I've got a low-tech 20 gallon with compost-silt and aquarium gravel. The silt is extremely high in nutrients for my plants and keeps the tank a nice tea color. I wasn't sure how well I would be able to keep fish in it, but they seem to like it fine. My problem is, the silt is very water-soluable, and sometimes precipitates on my plant leaves, leaving a brown film that rubs off, but I assume still hurts photosynthesis. What can I do to fix this? Is there a snail or fish or something that I can buy to keep my leaves clean? 

Also, I'm assuming it's the silt. It could also be algae, or something, since I keep my tank outside, but it's not stuck to the glass, so there's my silt assumption.


----------



## TWA (Jan 30, 2012)

I'm going to assume its diatoms (basically algae in new tanks) just rub it away or buy a fish (otos etc) to eat it. It'll go away eventually, happens to most new tanks.


----------



## NativeFloridian (Mar 31, 2012)

If I buy the otos fish will they die when the diatoms go away or will they eat other stuff in the tank?


----------



## TWA (Jan 30, 2012)

Algae. Which will probably happen if the tank is outside. The concern with otos is getting some that feel like living after you get them home. They tend to be real sensitive to shipping, so they die often after they get to the pet store. Blah blah. If you're concerned about them eating, I'm sure they'll eat algae wafers. I don't bother mine, he seems fat and healthy and i have no algae, no food for him.


How big is the tank? How warm does it get? What fish are in there?


----------



## NativeFloridian (Mar 31, 2012)

It's a 20 gallon, and gets lukewarm depending on the day (which seems warm to me for a tank), but another guy on this forum is going to send me a taro plant to keep it kinda shaded. It has 4 baitfish minnows in it to keep mosquito larvae from developing. They won't bother anything (they used to live with my mom's gigantic koi). I'm eventually going to put a betta in it once I get it fully planted. I'm ordering duckweed soon, which will improve water quality, and a peice of wood.


----------



## TWA (Jan 30, 2012)

Lukewarm is different from person to person, all depends on what your hands used to.

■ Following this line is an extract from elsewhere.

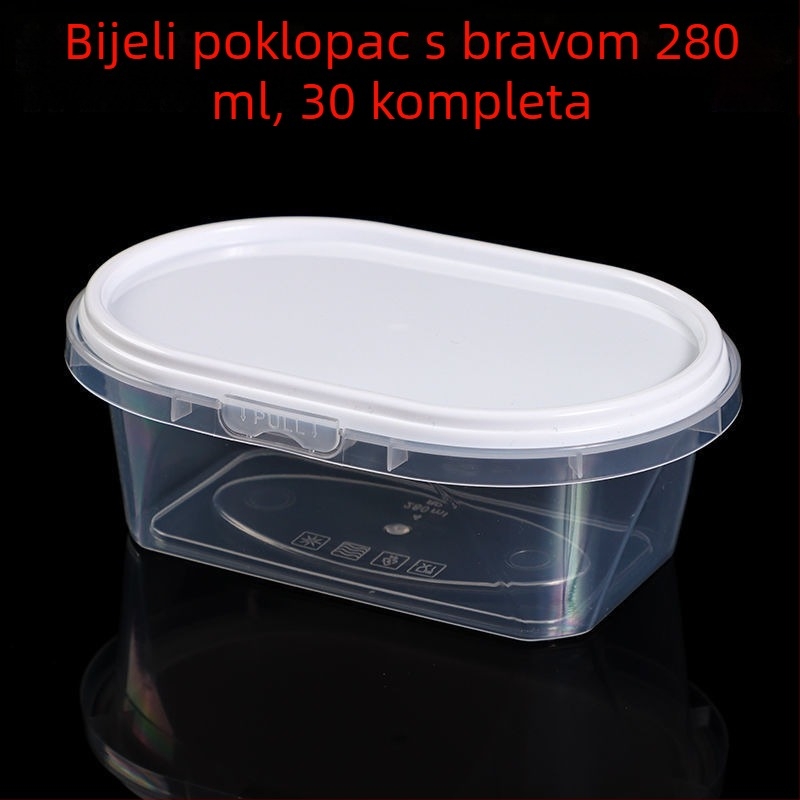 Jednokratna ovalna kutija za obrok s zaključavajućim poklopcem, debeli PP materijal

I worked in a restaurant for a while, so hot to some isn't hot to me. My discus are in 88-90 degree water, so anything below 80 feels cool, 75 feels cold. It sounds probably around 80 though. Maybe take a temp to know if otos will work for you? Sounds like you've got a plan, have fun with that duckweed, itll do what you want but it'll grow like nothing else outside.


----------



## NativeFloridian (Mar 31, 2012)

I'm going to eat it when there gets to be too much. The purpose of the tank is to grow edibles.Thanks for the tips. I'll check out those fish.


----------



## kcartwright856 (Jan 16, 2012)

Nerite snails demolished my diatoms! I'd give them a try.


----------



## NativeFloridian (Mar 31, 2012)

Bought 2 otos the other day. They seem to be thriving even though they looked kinda skinny in the fish store. Yay!


----------